2. In order for there to be an agreement within the meaning of Article 85(1) of the Treaty (now Article 81(1) EC) it is sufficient that the undertakings in question should have expressed their joint intention to conduct themselves on the market in a specific way. As regards the form in which that common intention is expressed, it is sufficient for a stipulation to be the expression of the parties' intention to behave on the market in accordance with its terms, without its having to constitute a valid and binding contract under national law. It follows that the concept of an agreement within the meaning of Article 85(1) of the Treaty centres around the existence of a concurrence of wills between at least two parties, the form in which it is manifested being unimportant so long as it constitutes the faithful expression of the parties' intention.

( see paras 67-69 )

3. The proof of an agreement between undertakings within the meaning of Article 85(1) of the Treaty (now Article 81(1) EC) must be founded upon the direct or indirect finding of the existence of the subjective element that characterises the very concept of an agreement, that is to say a concurrence of wills between economic operators on the implementation of a policy, the pursuit of an objective, or the adoption of a given line of conduct on the market, irrespective of the manner in which the parties' intention to behave on the market in accordance with the terms of that agreement is expressed. The Commission misjudges that concept of the concurrence of wills in holding that the continuation by wholesalers of their commercial relations with a manufacturer when it adopts a new policy, which it implements unilaterally, amounts to acquiescence by those wholesalers in that policy, although their de facto conduct is clearly contrary to that policy.

( see para. 173 )

4. An undertaking may be penalised under Community competition law only if it has infringed prohibitions contained in Article 85(1) or Article 86 of the Treaty (now Articles 81(1) and 82 EC). In that respect, it should be noted that the applicability of Article 85(1) is based on a number of conditions, namely that, (a) there must be an agreement between at least two undertakings or a similar arrangement such as a decision of an association of undertakings or a concerted practice between undertakings, (b) that arrangement must be capable of affecting trade within the Community, and (c) that it must have as its object or effect the restriction of competition to an appreciable extent. It follows that, in the context of that article, the effects of the conduct of an undertaking on competition within the common market may be examined only if the existence of an agreement, a decision of an association of undertakings or a concerted practice within the meaning of Article 85(1) of the Treaty has already been established. It follows that the aim of that provision is not to eliminate obstacles to intra-Community trade altogether; it is more limited, since only obstacles to competition set up as a result of a concurrence of wills between at least two parties are prohibited by that provision.
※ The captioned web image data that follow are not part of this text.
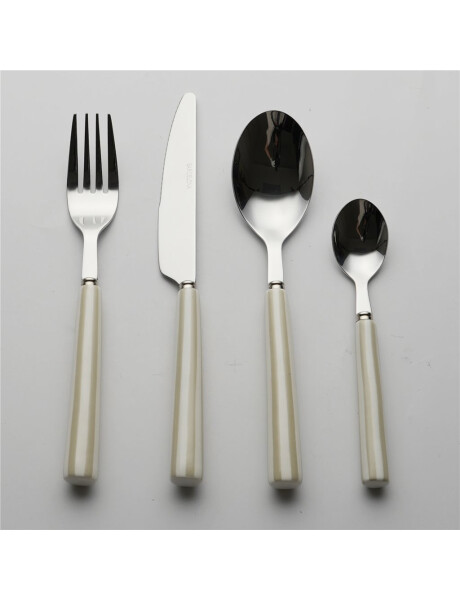 SET 24 PIEZAS CUBIERTOS MANGO RAYAS BEIGE "BARCELONA" SET 24 PIEZAS CUBIERTOS MANGO RAYAS BEIGE "BARCELONA"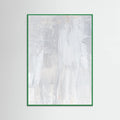 Soft Muted Gray Brushstrokes Poster – Poster und Kunstdruck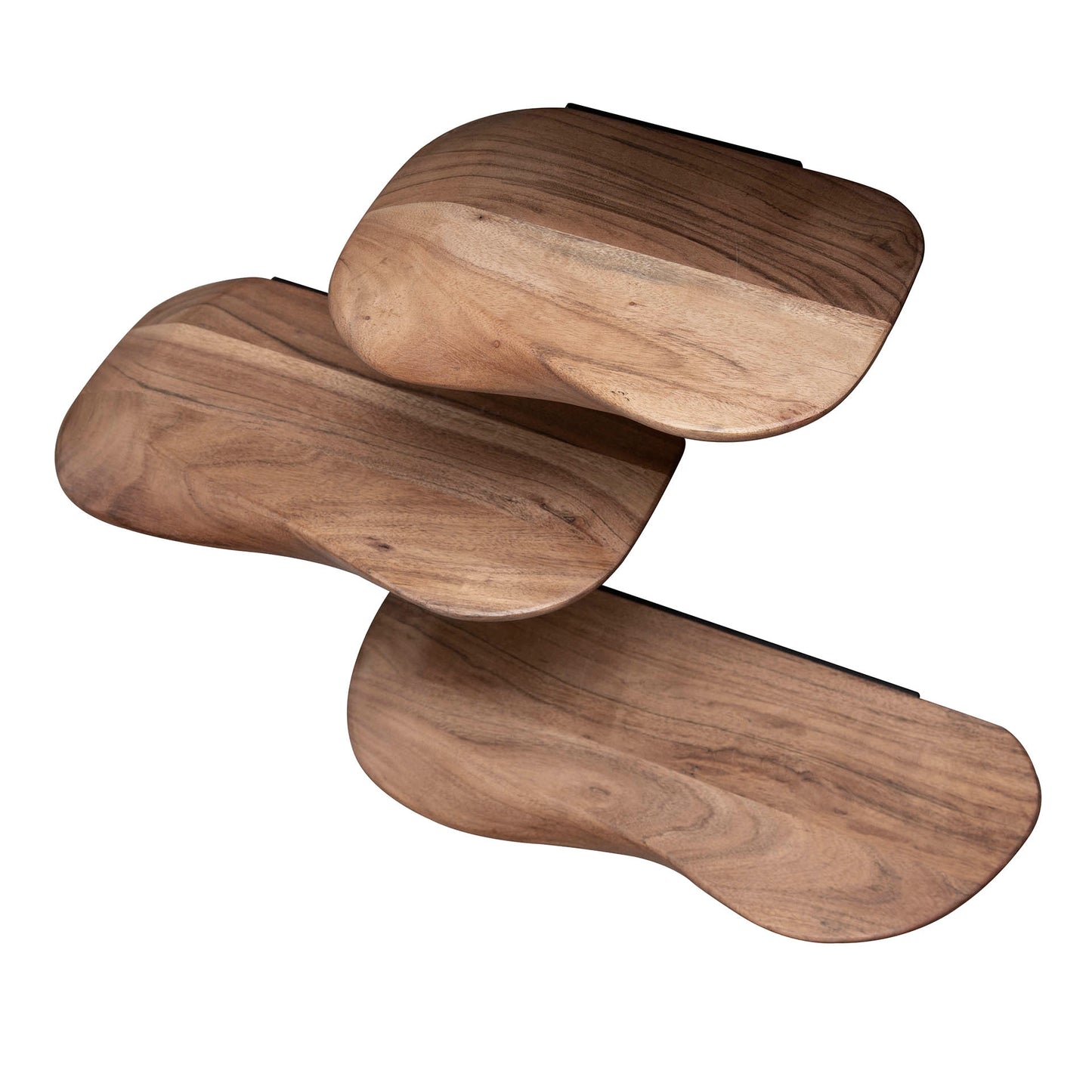 Wandschap organic set/3 / Massief acacia naturel
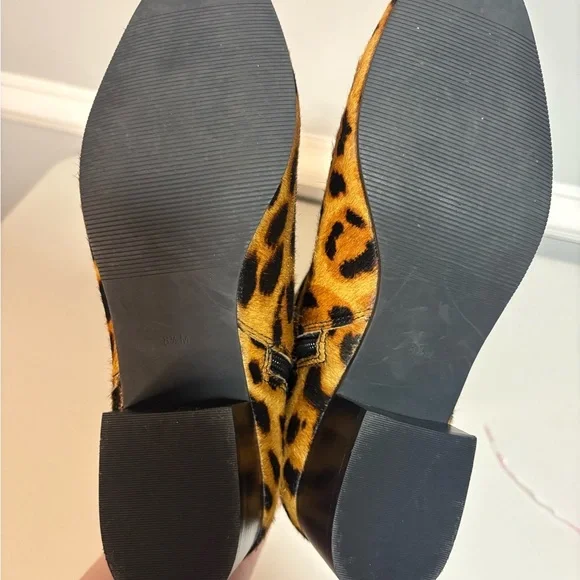 Talbots Dakota Calf Hair Leopard Ankle Boots – Size 8.5 | Block Heel - Picture 10 of 11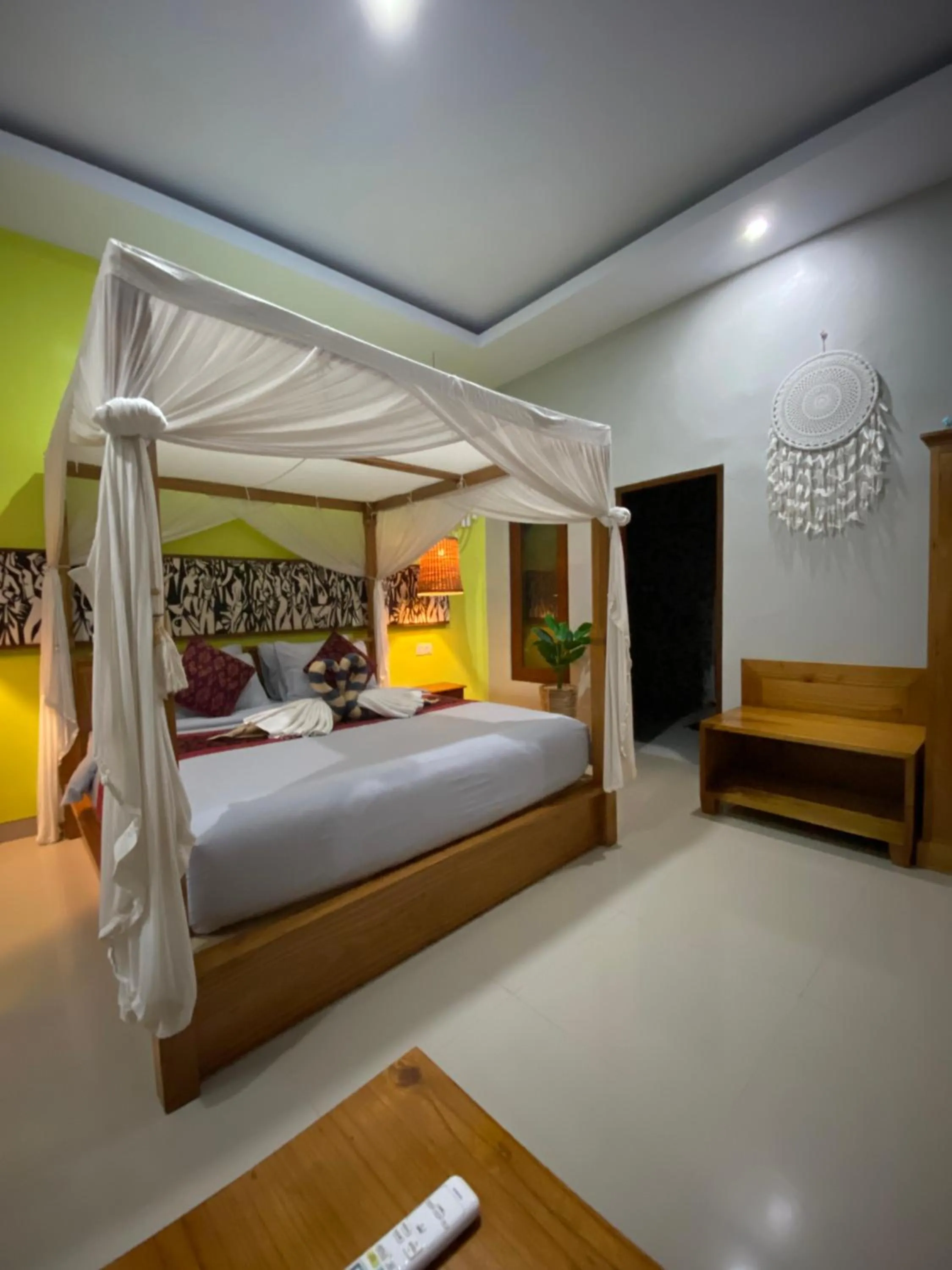 Bed in Ubud Suarga Mesari Private Pool Villa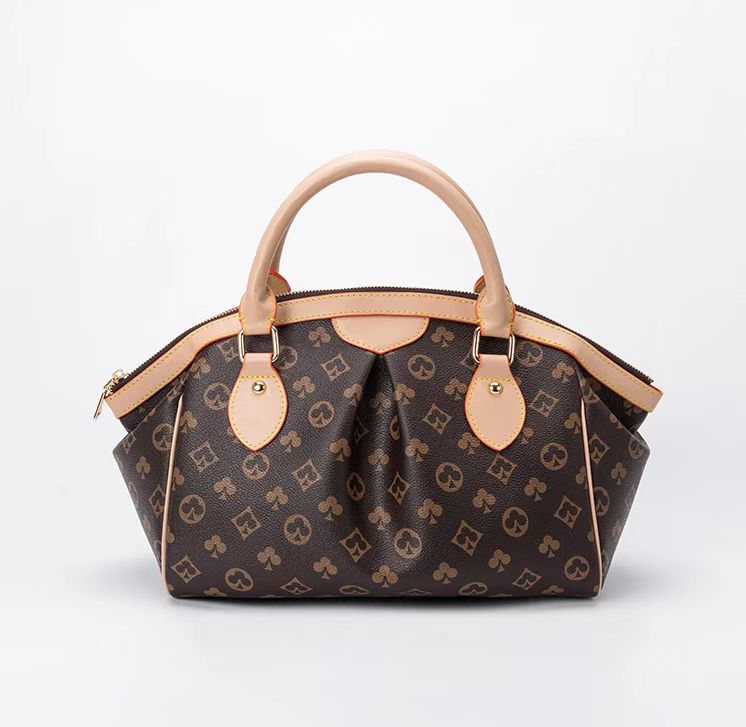 

TOP PU high quality bags Classic Leather black chain hot sell new women handbags shoulder bao Double G messenger #L5185V, Brown flower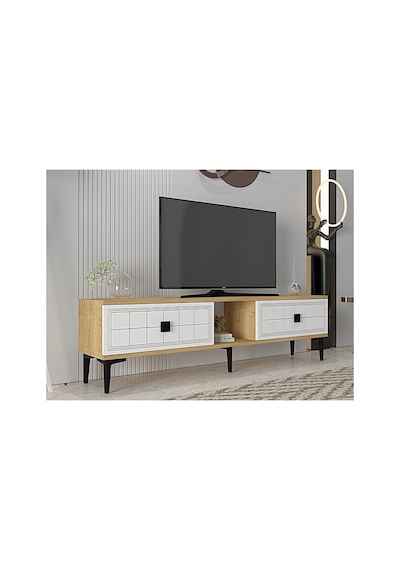 Tsa1501db Yuka Tv Sehpası Safirmeşe-beyaz 150cm Safirmeşe - Beyaz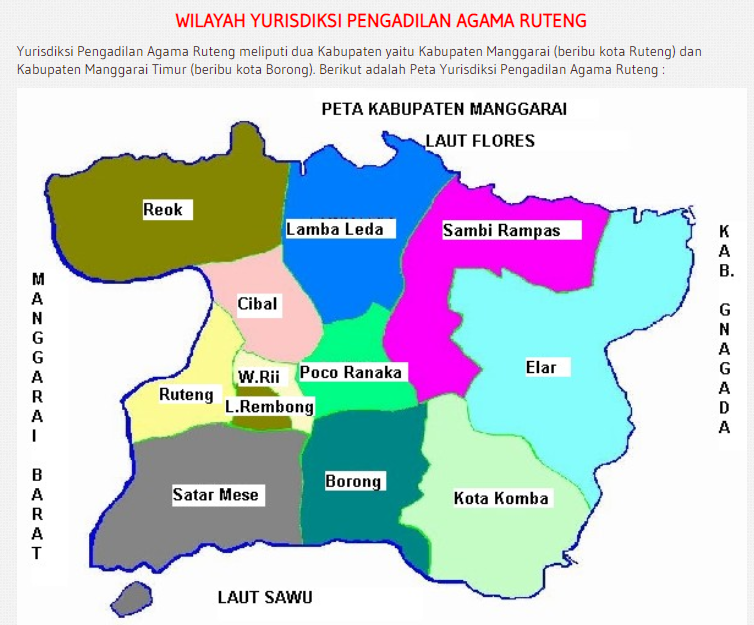 Wilayah Yurisdiksi PA RUTENG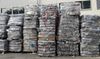 PET trays pressed into bales natural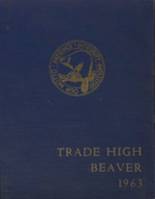 Springfield Trade High School 1963 yearbook cover photo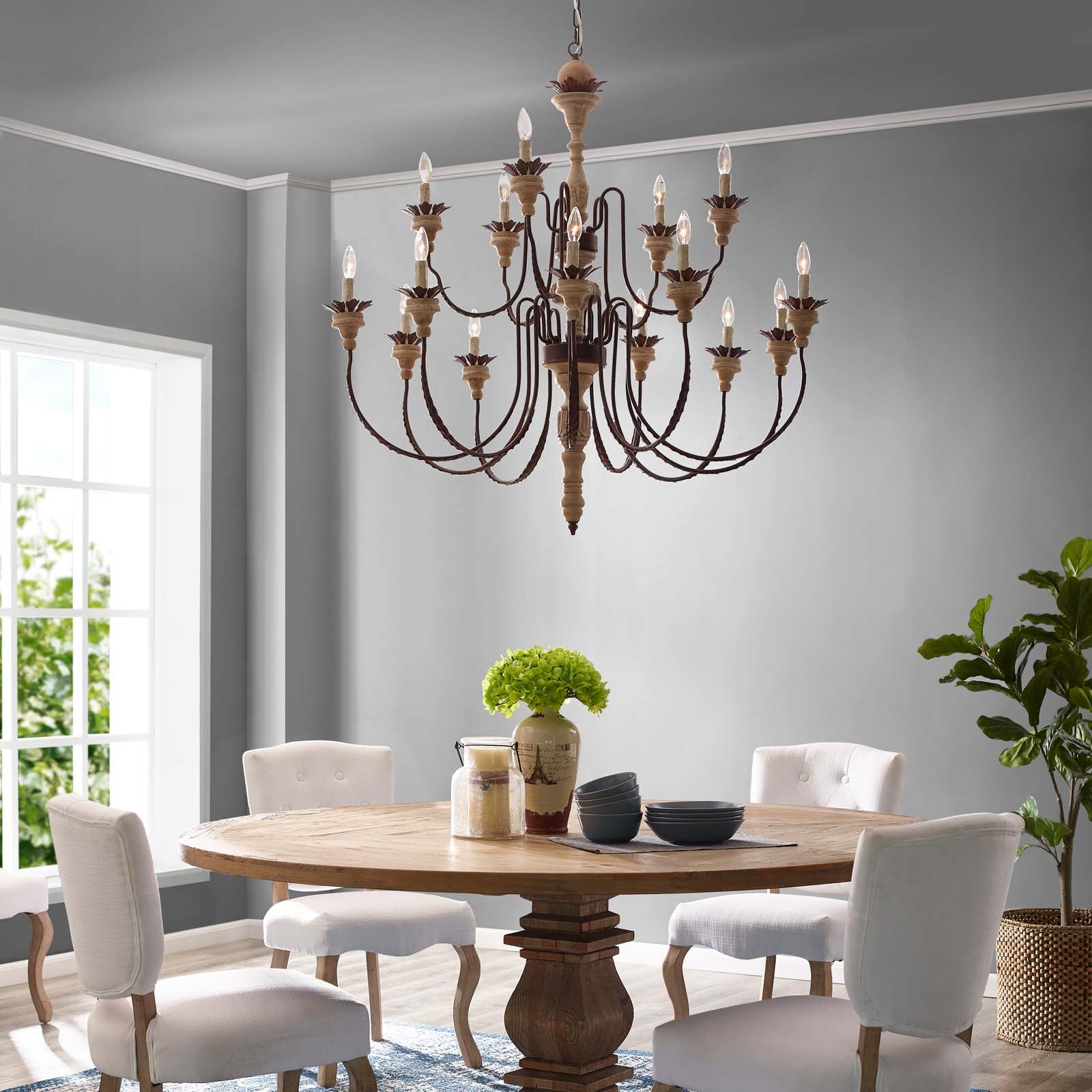 Nobility Pendant Light Ceiling Candelabra Chandelier by Modway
In the light of the above, the right of a manufacturer faced with an event harmful to his interests, such as parallel imports, to adopt the solution which seems to him to be the best is qualified by the Treaty provisions on competition only to the extent that he must comply with the prohibitions referred to in Articles 85 and 86. Accordingly, provided he does so without abusing a dominant position, and there is no concurrence of wills between him and his wholesalers, a manufacturer may adopt the supply policy which he considers necessary, even if, by the very nature of its aim, for example, to hinder parallel imports, the implementation of that policy may entail restrictions on competition and affect trade between Member States.